The EU and the U.S. say Russia hasn’t lived up to an accord signed April 17 in Geneva intended to defuse the confrontation between the Ukrainian government and Russian-backed separatists. European governments and the U.S. administration are threatening penalties on Russian industry if Putin sends troops into Ukraine.

“The measure that would harm Russia most would be an EU energy (oil or gas) embargo, which could cripple Russia’s trade and budget revenues” and erode Russia’s still-high foreign-exchange reserves, the central-bank economists said. “Furthermore, given Russia’s voiced intention to resort to ‘symmetrical sanctions’ (countermeasures), EU and Western interests in the Russian energy sector could be affected.”

Russian imports account for 18 percent of the euro area’s natural-gas consumption and 27 percent of its oil use, according to the analysts. Trade links are more limited, with 2.5 percent of euro-area exports going to Russia.

“A trade war between Russia and the West would definitely be very severe for the Russian economy, while the West, particularly the EU, would be affected seriously but not vitally,” they said.
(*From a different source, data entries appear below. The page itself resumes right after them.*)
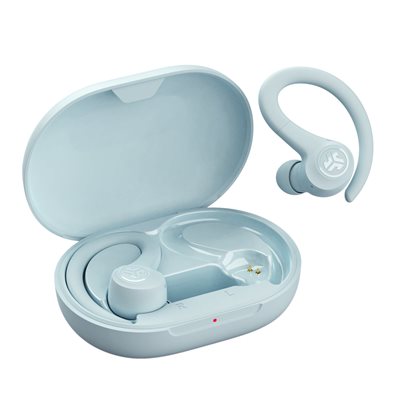 JLAB GO AIR SPORT LIGHT BLUE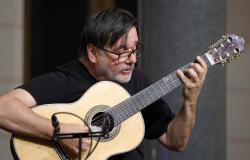 Edin Karamazov otvorio 18. Majske muzičke svečanosti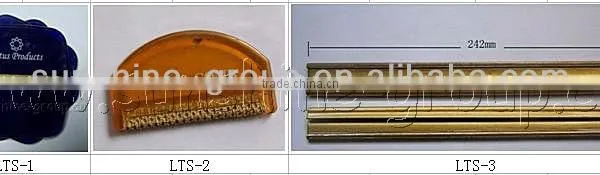 Cashmere Comb Wool Comb With Customer Logo photo-6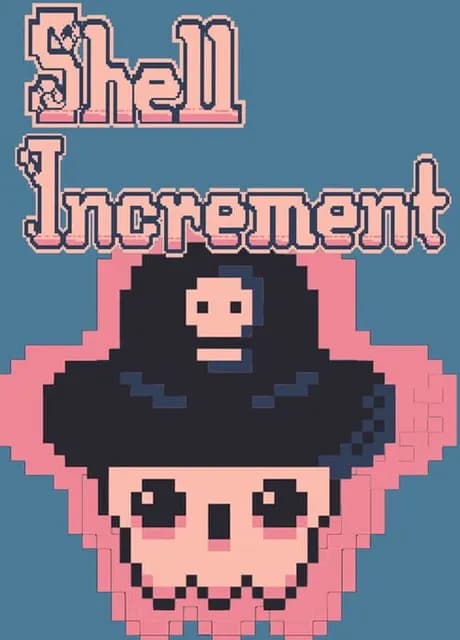 Shell Increment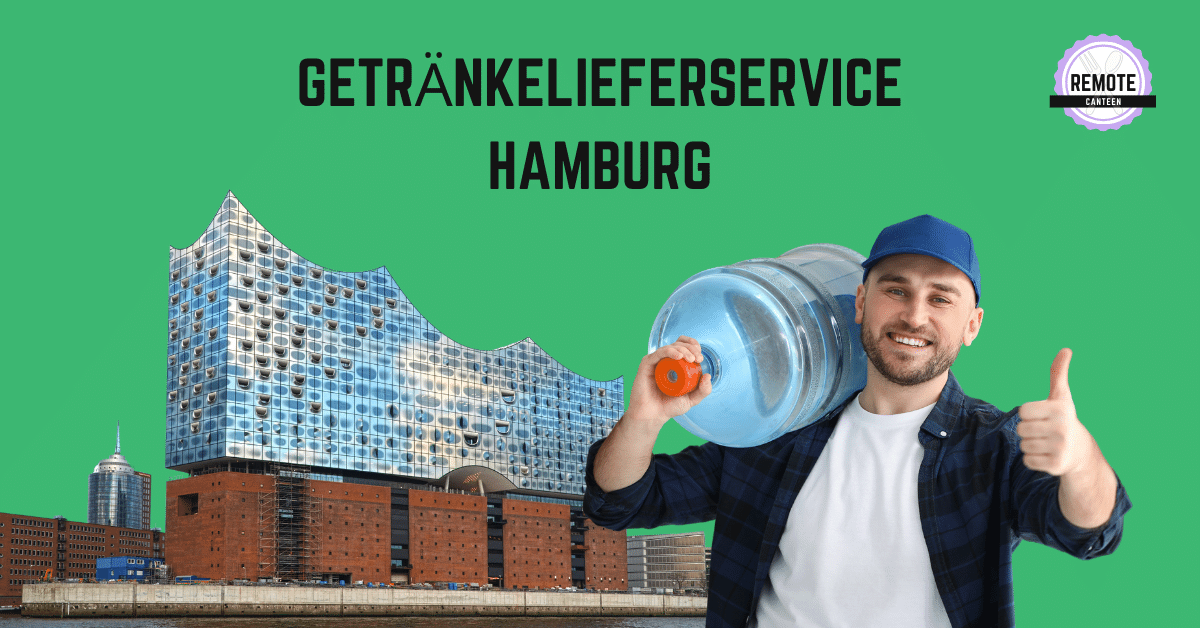 Getränkelieferservice Hamburg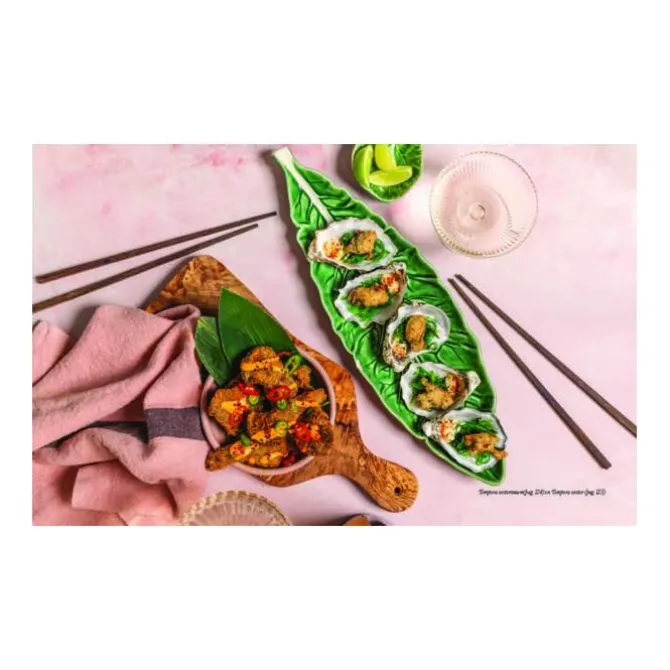 Nori & Rice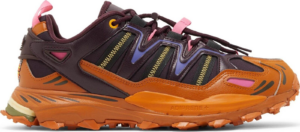 Giày Adidas Hyperturf Adventure ‘Muertos Mole’ HQ6022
European investment in Russia is at a similar level, the researchers say. Direct investment by euro-area investors was 174 billion euros ($241 billion) at the end of 2012 or 3 percent of the region’s total, while Russian direct investment in the euro area stood at 71 billion euros. Including portfolio investment and banking exposures, euro-area investment in Russia was 315 billion euros, or 2 percent.